(Short web captions)
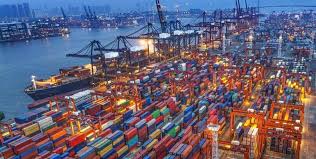 Xu hướng và thách thức những ngày cuối năm trong ngành vận chuyển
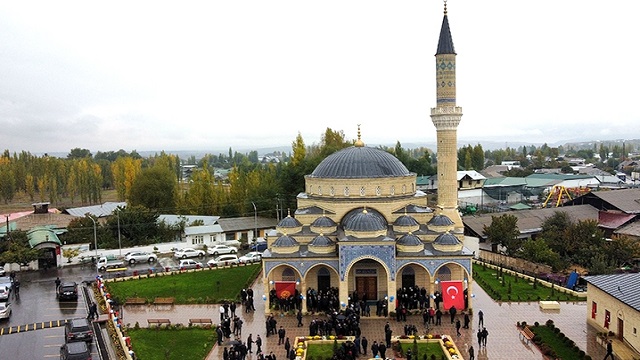 buyuk-turk-bilgini-imam-serahs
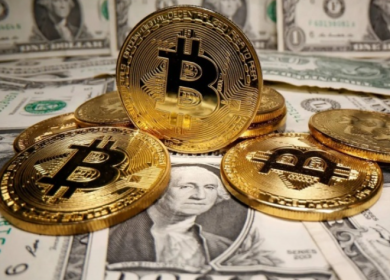 البتكوين تحطم رقماً قياسياً جديداً... وتتجاوز 125 ألف دولار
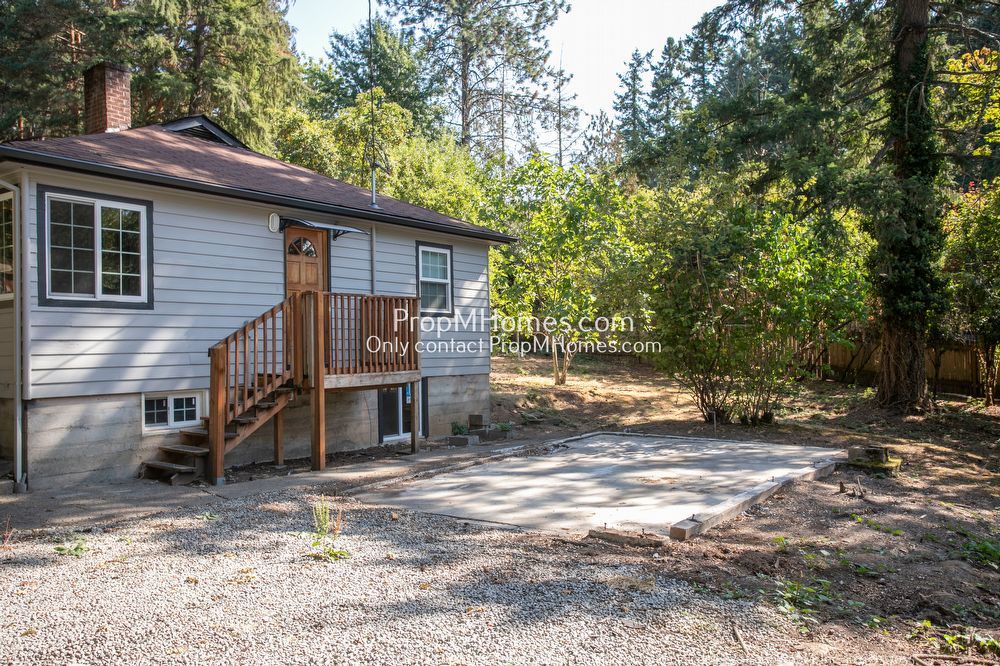 2 Bedroom Home on a Large Lot in SW! property image
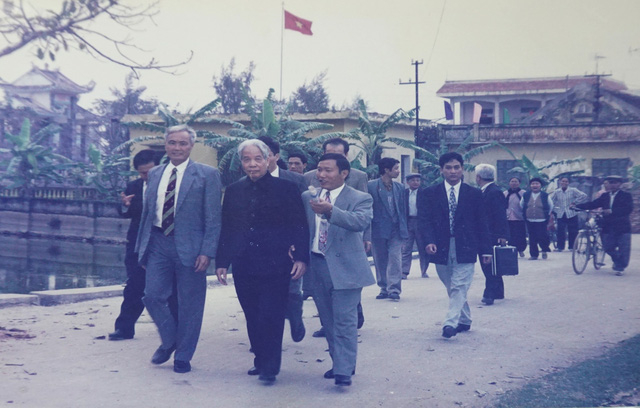 Nguy&ecirc;n Tổng B&iacute; thư Đỗ Mười thăm ch&uacute;c Tết Đảng bộ, nh&acirc;n d&acirc;n x&atilde; Đ&ocirc;ng Mỹ năm 1996.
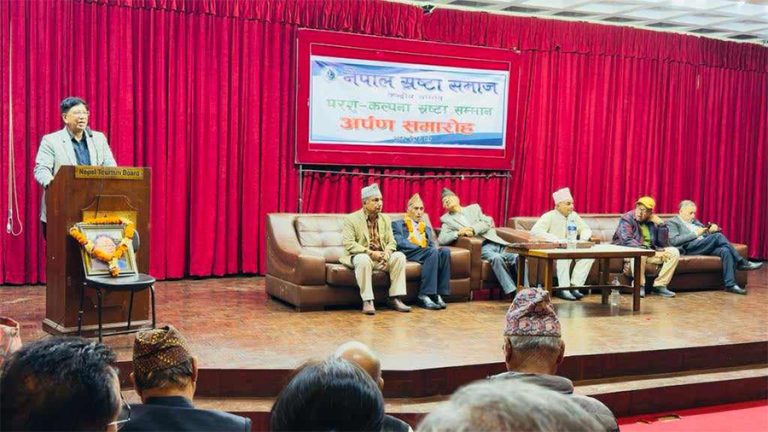 परशु-कल्पना स्रष्टा सम्मानद्वारा रसिक र सापकोटा सम्मानित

:: YOUR TASK ::
Retype each entry precisely. Skip images entirely.

:: RESPONSE AREA ::
 Xu hướng và thách thức những ngày cuối năm trong ngành vận chuyển
 buyuk-turk-bilgini-imam-serahs
 البتكوين تحطم رقماً قياسياً جديداً... وتتجاوز 125 ألف دولار
 2 Bedroom Home on a Large Lot in SW! property image
 Nguy&ecirc;n Tổng B&iacute; thư Đỗ Mười thăm ch&uacute;c Tết Đảng bộ, nh&acirc;n d&acirc;n x&atilde; Đ&ocirc;ng Mỹ năm 1996.
 परशु-कल्पना स्रष्टा सम्मानद्वारा रसिक र सापकोटा सम्मानित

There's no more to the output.